Cast your mind back to 21 May 2008. The Luzhniki Stadium in Moscow hosted the Champions League final between Manchester United and Chelsea – England’s two biggest sides at the time. The game was huge.
Cristiano Ronaldo’s header opened the scoring for United, but Frank Lampard fired home an equaliser for the break. The score was 1-1, and it stayed that way. Extra time couldn’t separate the two teams, so we went to penalties.
Ronaldo actually missed his effort, and after four impressive Chelsea penalties, John Terry stepped up to take what could have been a winner. Mr Chelsea had the trophy in reach.
But he slipped.
He missed his effort and was left sitting on the ground in the cold Moscow rain. Chelsea fans were devastated, but that feeling wasn’t shared by everyone. In fact, there were plenty who decided it was funny.
It was just so funny. The world had to know how funny it was.
People logged on to Twitter and Facebook, armed with their wittiest “Hahahaha, let’s all laugh at the sad man” jokes, and they were funny. For anyone who wasn’t a Chelsea fan, it was funny seeing Terry’s fall edited over some music, or just a zoomed-in image of his devastated face.
Sure, watching the highlights was fun, but there was something a little better about seeing this mishap over and over and over and over again. The schadenfreude that defines social media today began sprouting from its comedic seed.

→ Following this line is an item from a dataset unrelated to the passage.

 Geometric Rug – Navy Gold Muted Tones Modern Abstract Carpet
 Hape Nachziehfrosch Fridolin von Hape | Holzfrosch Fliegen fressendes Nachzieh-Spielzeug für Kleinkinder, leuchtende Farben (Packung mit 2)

And football meme culture was, if not created, then finally birthed.
There was no denying that football memes were the new currency. Funny pictures began cropping up everywhere. Every single meme-able moment was well and truly memed. If you weren’t constantly flooding your feed with football memes, you were wasting your time.
Back in the day, old-school memes were pretty much just pictures with a cheap font plastered over it. The internet wasn’t as powerful as it is today, so every post came with some ‘witty’ comment. By today’s standards, that’s poor, but because it was all so new and fresh at the time, it was gold.
As time went on, the number of memes kept growing and growing, and the type of memes changed too. It didn’t necessarily have to be a bad moment, but just something bizarre.
We had Mario Balotelli flexing.
Phil Jones pulling faces.
Bruno Martins Indi being hyper-focused.
Ashley Cole being awkward.
And of course, we had Steven Gerrard completing the meme cycle by being rinsed for a slip of his own.
At this point, everything’s a meme. If you do one thing that’s even remotely wrong, there are millions of people ready to capitalise on it. For some, it’s all that’s wrong with Twitter, but many think that’s what makes it so special.
In football, whether it’s a failed pass, goalkeeping mistake or a missed shot, you can guarantee it’s going to do the rounds on Twitter. For some, making a joke and blowing up on social media is almost as important as the game.
Terry’s slip birthed a culture of dark comedy online. It was undoubtedly the toughest moment of the Chelsea man’s sporting career, but that made it even sweeter for rival fans. The moment lasted just a few seconds, but the memes will last forever.